Этот день Иосиф решил отмечать как религиозный праздник, всю жизнь. Он
целых десять минут благодарил Моисея, шепча молитвы, и сочувствовал своим
далеким предкам, добровольно отказавшимся от женщин, дабы служить религии.
Затем отец побрился, подстриг запущенные волосы, а завершил гигиенические
процедуры мытьем тела в пищевой кастрюле, из которой обычно ели младшие
надзиратели зоны.
Посвежевший, в чистых штанах, он все же робко подходил к двери, загодя
доставая из кармана пропуск. Часовой, пробежав бумажку глазами, распахнул
перед Иосифом врата рая, и он шагнул в него, заранее задыхаясь от восторга,
готовый припуститься во всю прыть к райскому строению... Его свежий порыв
остановил часовой.
- У тебя три минуты, - предупредил он. - Скоро девять...
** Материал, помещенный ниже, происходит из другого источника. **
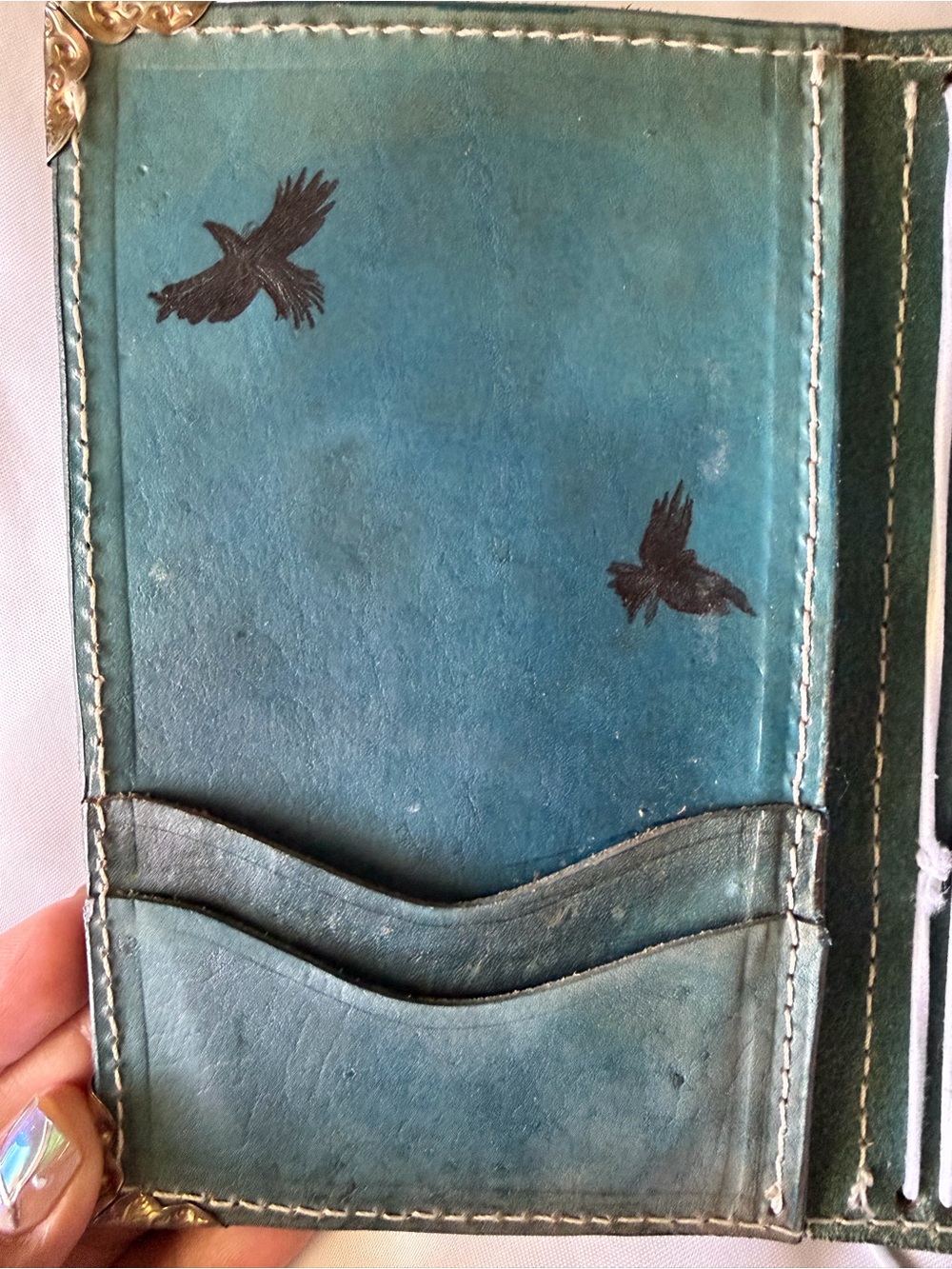 Unique one of a kind travelers notebook A6 or pocket size - Picture 9 of 13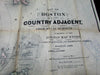 Boston Massachusetts city maps 1889 Damrell Upham rare antique fldg. pocket maps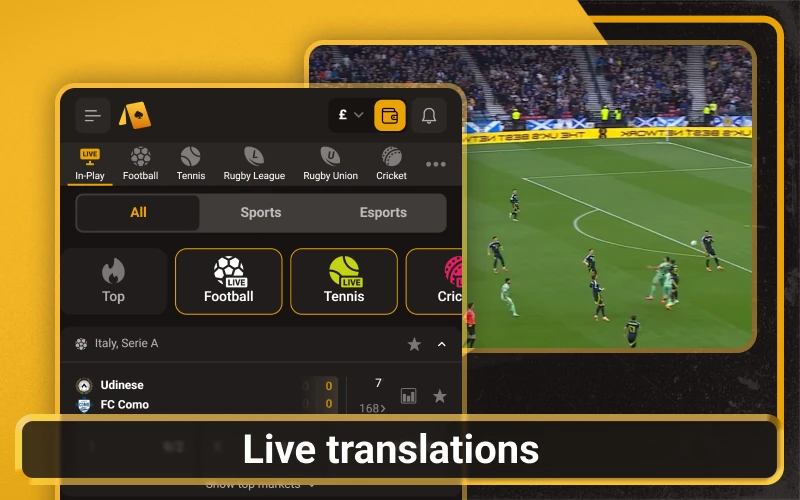 Watch high quality live streams on the Slotlair official app.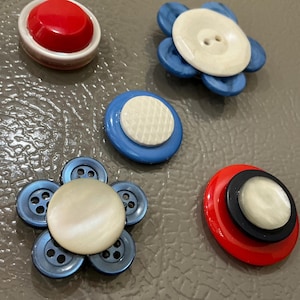Stars, Stripes & Blooms-magnetenset: set van 5 magneetknopen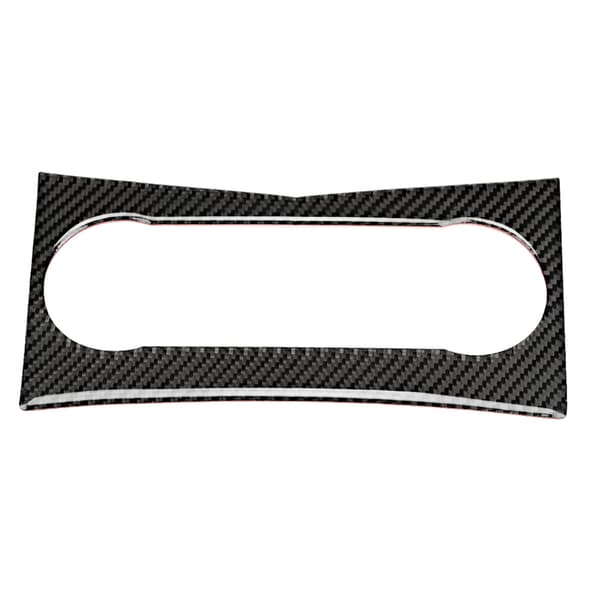 Bil Kolfiber Luftkonditioneringspanel Skydd Trim Passar Mercedes-Benz W204 C-klass 2007-2012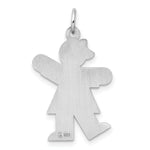 Load image into Gallery viewer, Sterling Silver Kiss Kid Charm Pendant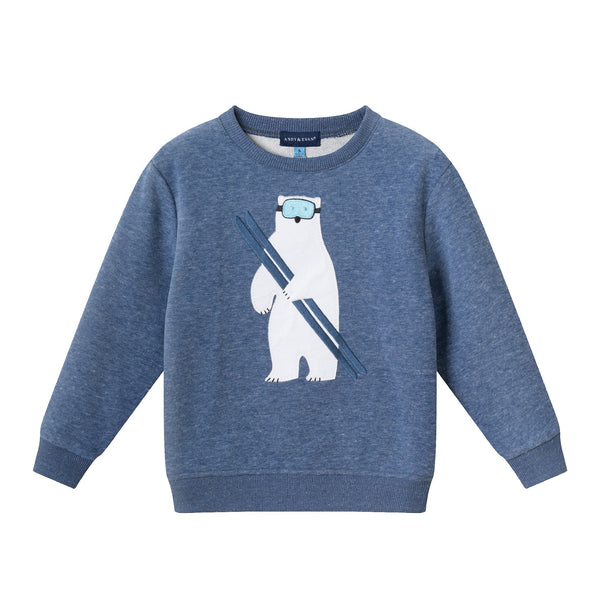 kids-applique-sweatshirt-navy-polar-bear Sophia's StyleSweatshirt-1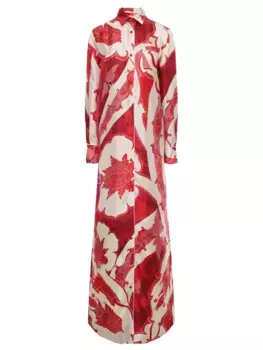 Платье шелковое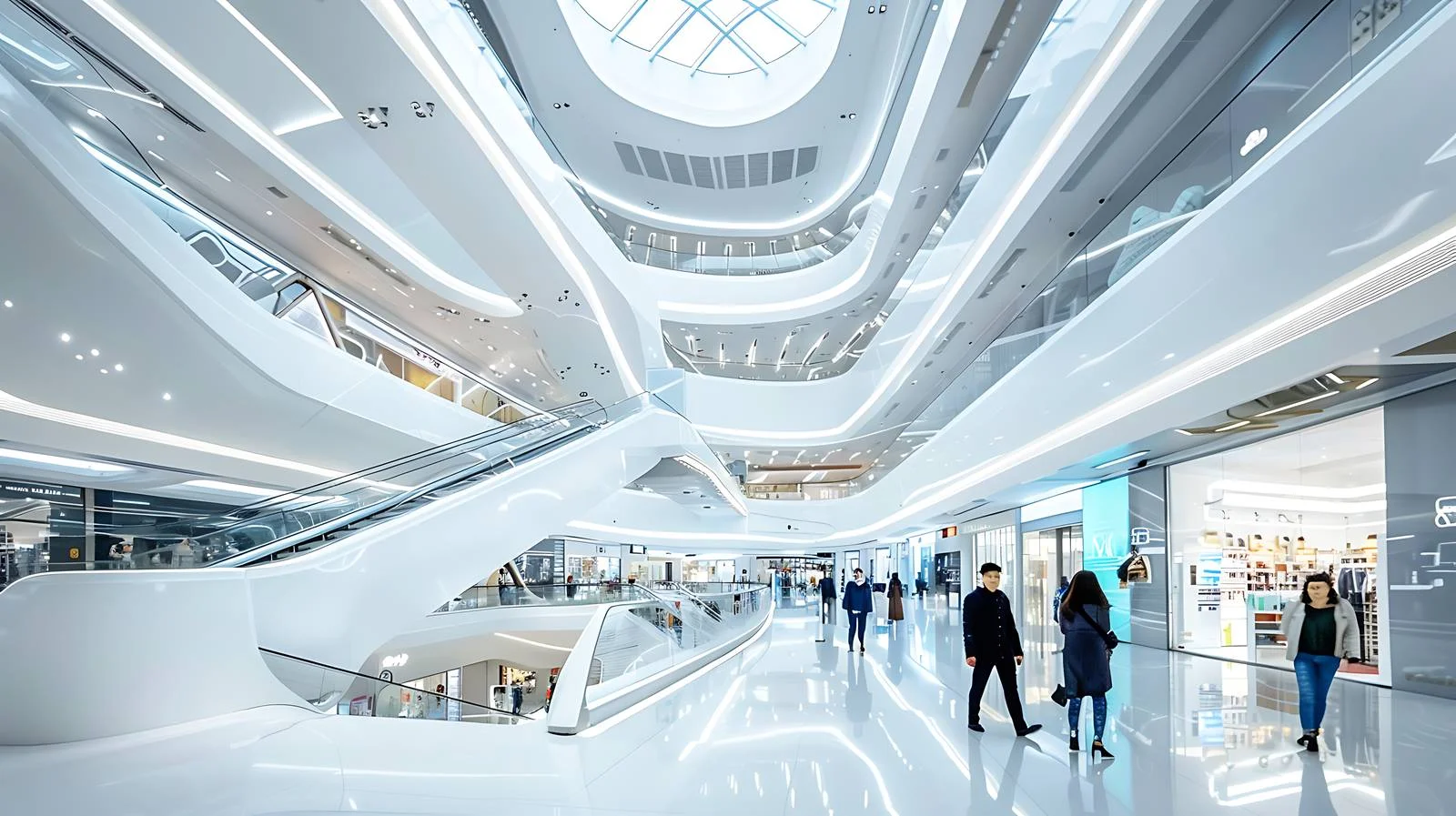 Modern Retail Area in Shanghai Shopping Center — free download from Dotvec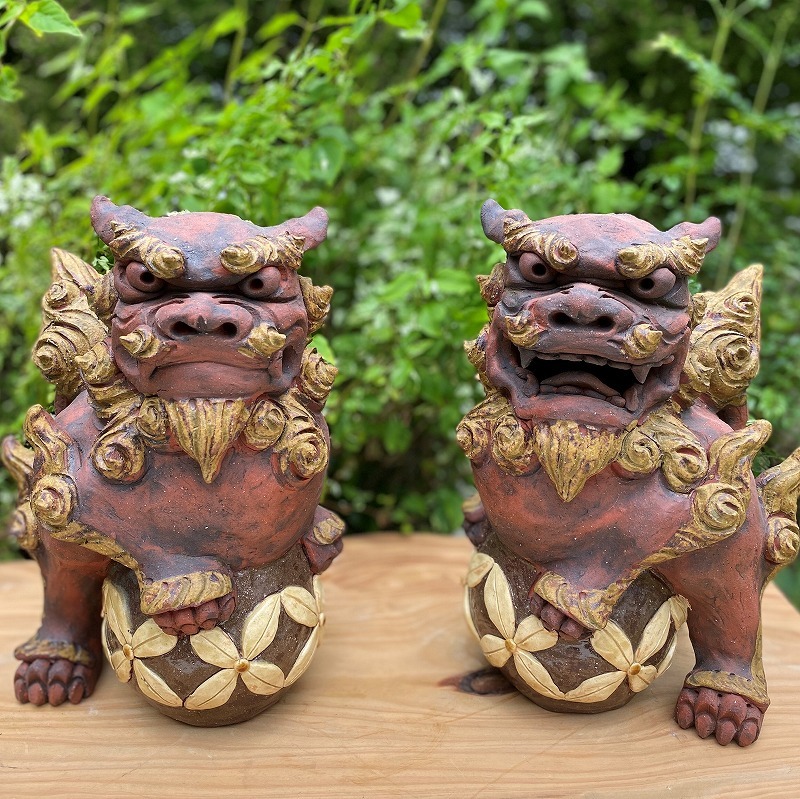 玉乗りシーサー てぃーち工房 やちむんと琉球ガラスなどのうちなーむんのお店 うぃーりきさん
Господи, охолонуло Иосифа. Всего три минуты... Не раздумывая, влекомый
могучим инстинктом, он, словно волк за бараном, помчался со всех ног к
ближайшему бараку и, считая время про себя, успел лишь краем глаза заглянуть
в окошко, как пришлось уже бежать обратно, чтобы не попасть в кровавые
объятия Ши Линь...
Ночью, лежа без сна в своей подсобке, отец вспоминал увиденное. Кроме
темноты он, конечно, ничего не различил, но воспаленному мозгу рисовались
сказочные и эротические картины. Иосиф был уверен, что видел женщин в
прозрачных одеждах, что одна из них даже была с обнаженной грудью маленькой
и крепкой, еще не целованной и не ласканной мужской ладонью. Ему казалось,
что женщина тоже заметила его и ответила однозначным взглядом, переполненным
любовью; и что она тоже, как и он, лежит сейчас без сна и думает о нем...
Иосиф все же заснул в эту ночь, а наутро очнулся с теми же мыслями и
фантазиями, пунктиром прошедшими через все сновидения... До восьми часов
была еще целая вечность, и отцу пришлось плестись на кухню, чтобы сготовить
начальнику завтрак, обед, а заодно и ужин... Он был крайне рассеян, еда
подгорела, и начальник ткнул его кулаком по носу...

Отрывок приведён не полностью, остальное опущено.